I have been reading the comments on this thread with great interest since many of the same thoughts have crossed my mind many times over the past year or so. I fully agree with Fio, Lydia and others that the forum is a treasure trove of information on pizza making, especially for the serious home hobbyist, and that as our membership has grown and the content on the forum has greatly expanded, both in quantity and quality, the forum is the quintessential place for home pizza makers to be to learn about virtually any aspect of pizza making. There is no place else like it anywhere on the planet that I am aware of.
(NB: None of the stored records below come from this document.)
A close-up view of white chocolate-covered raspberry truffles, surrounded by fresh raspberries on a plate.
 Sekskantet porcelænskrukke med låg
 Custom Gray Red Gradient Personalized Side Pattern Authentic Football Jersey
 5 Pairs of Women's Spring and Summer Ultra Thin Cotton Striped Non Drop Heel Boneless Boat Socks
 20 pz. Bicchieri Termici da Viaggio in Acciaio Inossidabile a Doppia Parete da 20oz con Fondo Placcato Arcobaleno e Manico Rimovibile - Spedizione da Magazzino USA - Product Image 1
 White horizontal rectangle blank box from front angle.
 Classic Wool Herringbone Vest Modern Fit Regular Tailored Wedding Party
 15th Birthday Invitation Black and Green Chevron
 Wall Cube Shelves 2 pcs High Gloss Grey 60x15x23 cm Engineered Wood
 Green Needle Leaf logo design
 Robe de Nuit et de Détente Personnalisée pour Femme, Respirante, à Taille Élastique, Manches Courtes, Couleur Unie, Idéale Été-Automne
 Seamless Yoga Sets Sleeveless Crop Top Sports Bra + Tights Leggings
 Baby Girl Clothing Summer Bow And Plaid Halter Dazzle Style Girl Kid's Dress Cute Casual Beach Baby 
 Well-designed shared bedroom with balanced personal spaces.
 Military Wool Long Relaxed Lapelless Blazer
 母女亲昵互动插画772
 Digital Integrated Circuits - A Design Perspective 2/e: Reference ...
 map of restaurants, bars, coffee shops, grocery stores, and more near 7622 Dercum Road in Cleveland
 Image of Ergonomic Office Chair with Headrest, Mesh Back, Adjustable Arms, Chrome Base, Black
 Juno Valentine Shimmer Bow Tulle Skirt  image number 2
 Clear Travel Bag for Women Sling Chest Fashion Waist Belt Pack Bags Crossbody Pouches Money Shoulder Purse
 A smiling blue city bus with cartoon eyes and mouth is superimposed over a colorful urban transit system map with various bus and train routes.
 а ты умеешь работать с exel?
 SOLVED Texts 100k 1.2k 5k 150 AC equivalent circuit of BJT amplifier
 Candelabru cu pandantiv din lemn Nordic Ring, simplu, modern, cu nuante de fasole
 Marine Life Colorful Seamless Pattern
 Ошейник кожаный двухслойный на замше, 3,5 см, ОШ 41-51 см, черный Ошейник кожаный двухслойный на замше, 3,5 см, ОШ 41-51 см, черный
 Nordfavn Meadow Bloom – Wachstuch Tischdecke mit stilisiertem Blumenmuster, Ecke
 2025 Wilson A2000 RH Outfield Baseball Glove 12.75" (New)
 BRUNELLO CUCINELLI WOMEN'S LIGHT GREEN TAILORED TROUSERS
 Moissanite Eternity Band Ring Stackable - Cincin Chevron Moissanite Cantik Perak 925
I also sympathize with Lydia and others about the randomness of the information from an organizational standpoint. Unfortunately, that is inevitable in a forum that is open to all and where members can come and go as they please, post as little or as much and as often as they wish, at any time of day, on any pizza topic of their choosing, and without any prior review. I happen to have a pretty good feel for where things are because I have read just about every post and, along with Steve and others, have had many opportunities to move threads and posts around as the indexing and formatting of the forum content has changed to reflect the expanding and changing nature of the forum content. But we are not unique in organizational challenges. Try navigating the eGullet, PMQ.com and chowhound forums and you will quickly see what I mean. It is a growing problem for everyone. It is also the reason why glossaries, FAQs, search engines, IM messaging, and archived files exist and why members are encouraged to use them.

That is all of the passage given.